Pictures stay out of the copy. Retype exactly the lines below from the one with "And honestly, the" through the one with "I've got my".

# # # #

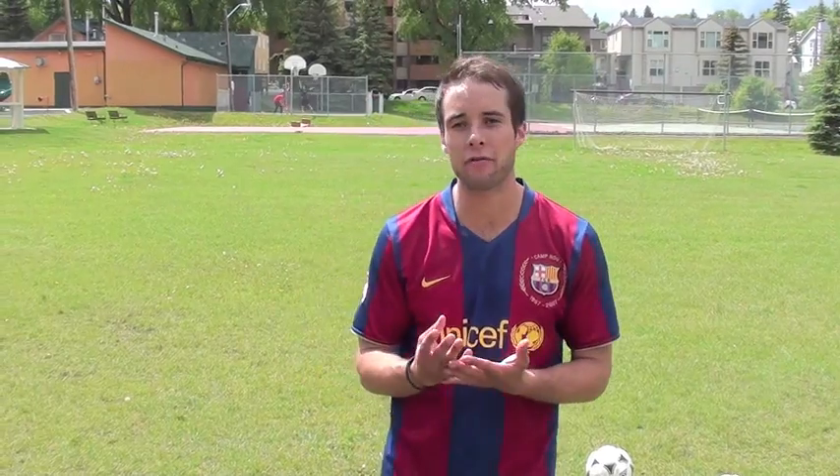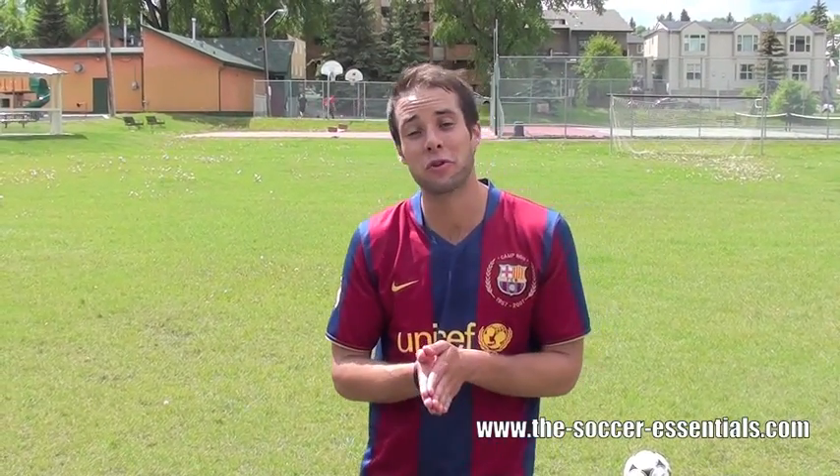Hey, what's going on? Dylan Tubi of the Soccer Essentials. I hope you're training hard and working to become a better player every day, because it's totally possible. You just have to put in the work.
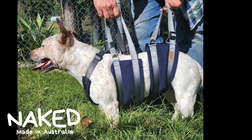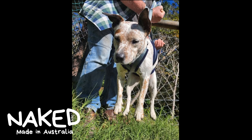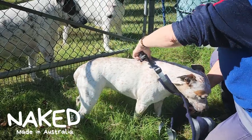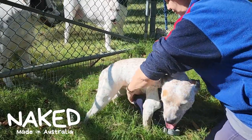Introducing the Naked Lift Harness. This harness is designed to give your dog a helping hand — they may have had surgery, or they may have arthritis or injuries. It's just an easy way of being able to help them up and down stairs, in and out of cars or furniture.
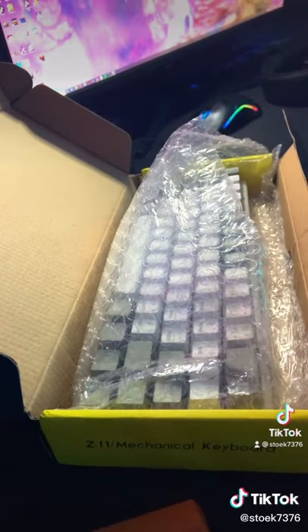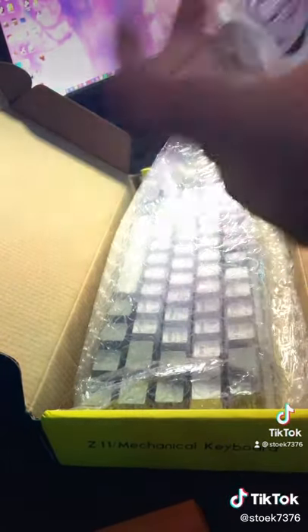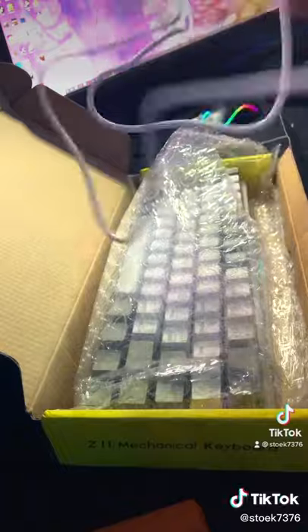And honestly, the price for this keyboard and the way it feels and works is amazing. I'm telling you, for the price, it's amazing. I highly recommend it.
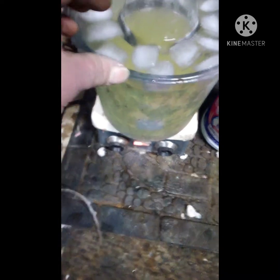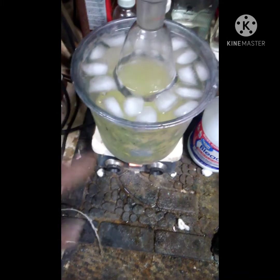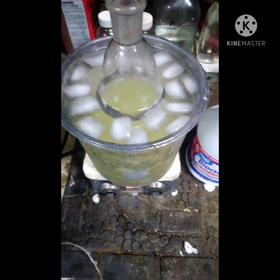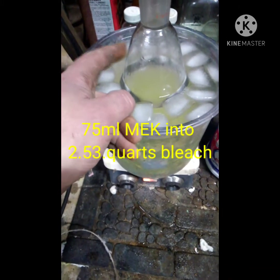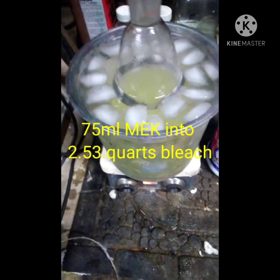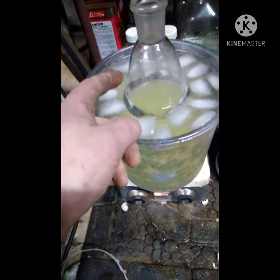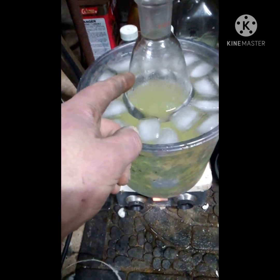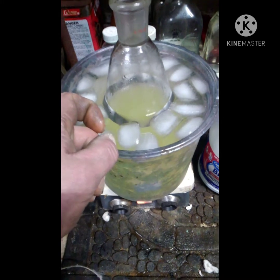I've got my chlorine sitting in this tub here, with water and ice to keep it cool because this reaction is very exothermic. Now I'm going to put about 75 milliliters of MEK into this container, and I also have a stir bar going in. The chlorine will change colors - it'll almost go clear and then darken back up.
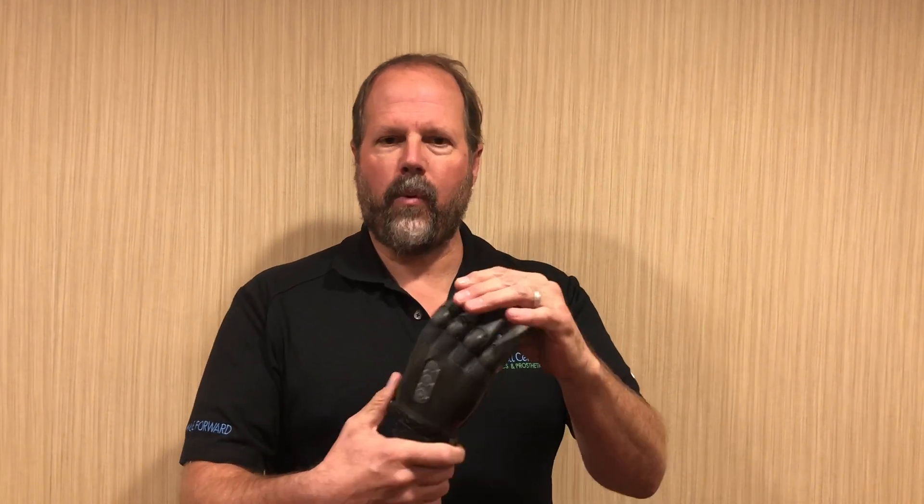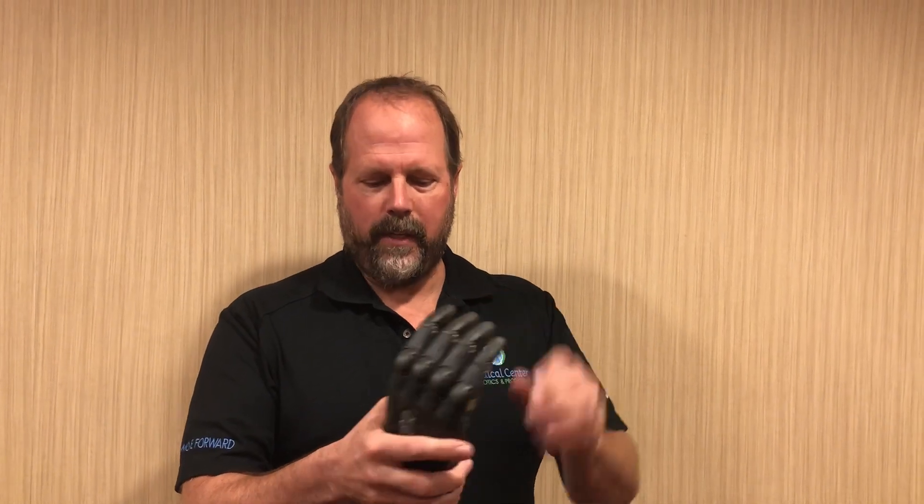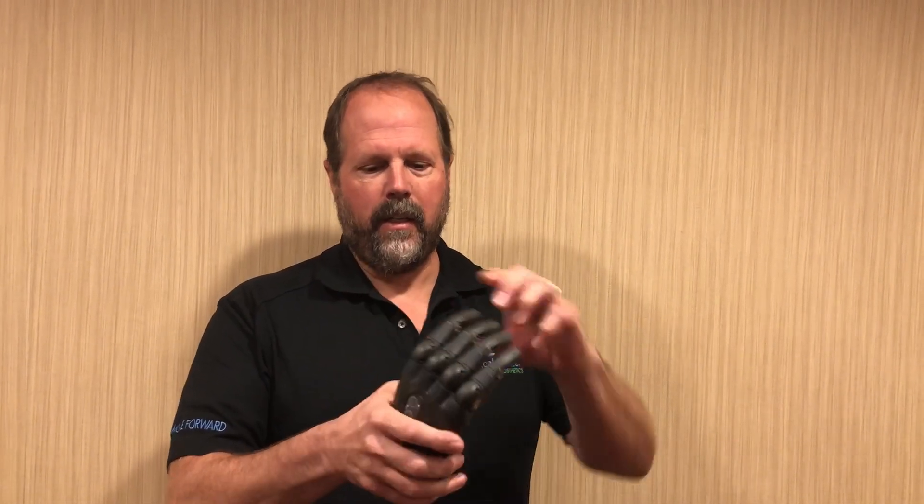Another nice feature of the hand is it has a breakaway joint at the fingers, so if the fingers get too much pressure the system can break away and it can just pop back into position. It saves the fingers and the hand from having to go in for repair. The user can just cycle the system and it'll lock back into position.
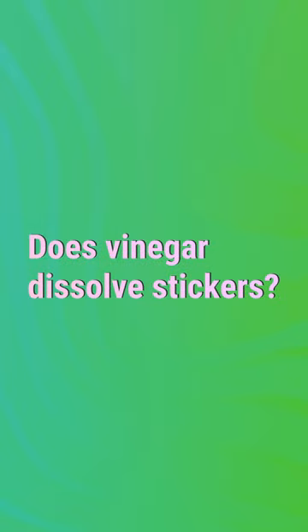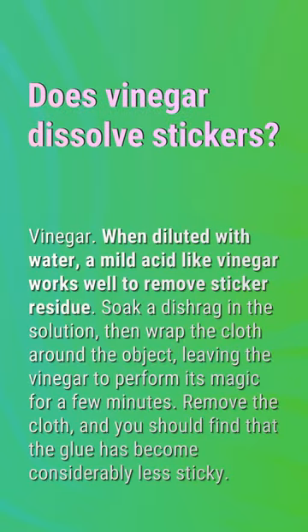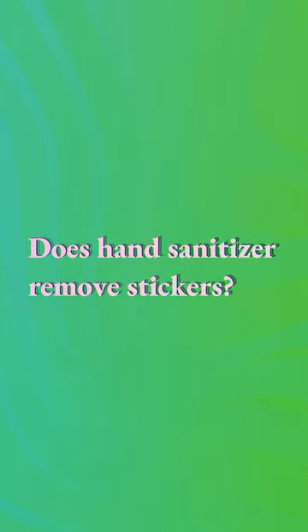Does vinegar dissolve stickers? When diluted with water, a mild acid like vinegar works well to remove sticker residue. Soak a dishrag in the solution, then wrap the cloth around the object, leaving the vinegar to perform its magic for a few minutes. Remove the cloth and you should find that the glue has become considerably less sticky.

# # # #

- [OUTPUT FOR THIS EXERCISE]:
And honestly, the price for this keyboard and the way it feels and works is amazing. I'm telling you, for the price, it's amazing. I highly recommend it.
I've got my chlorine sitting in this tub here, with water and ice to keep it cool because this reaction is very exothermic. Now I'm going to put about 75 milliliters of MEK into this container, and I also have a stir bar going in. The chlorine will change colors - it'll almost go clear and then darken back up.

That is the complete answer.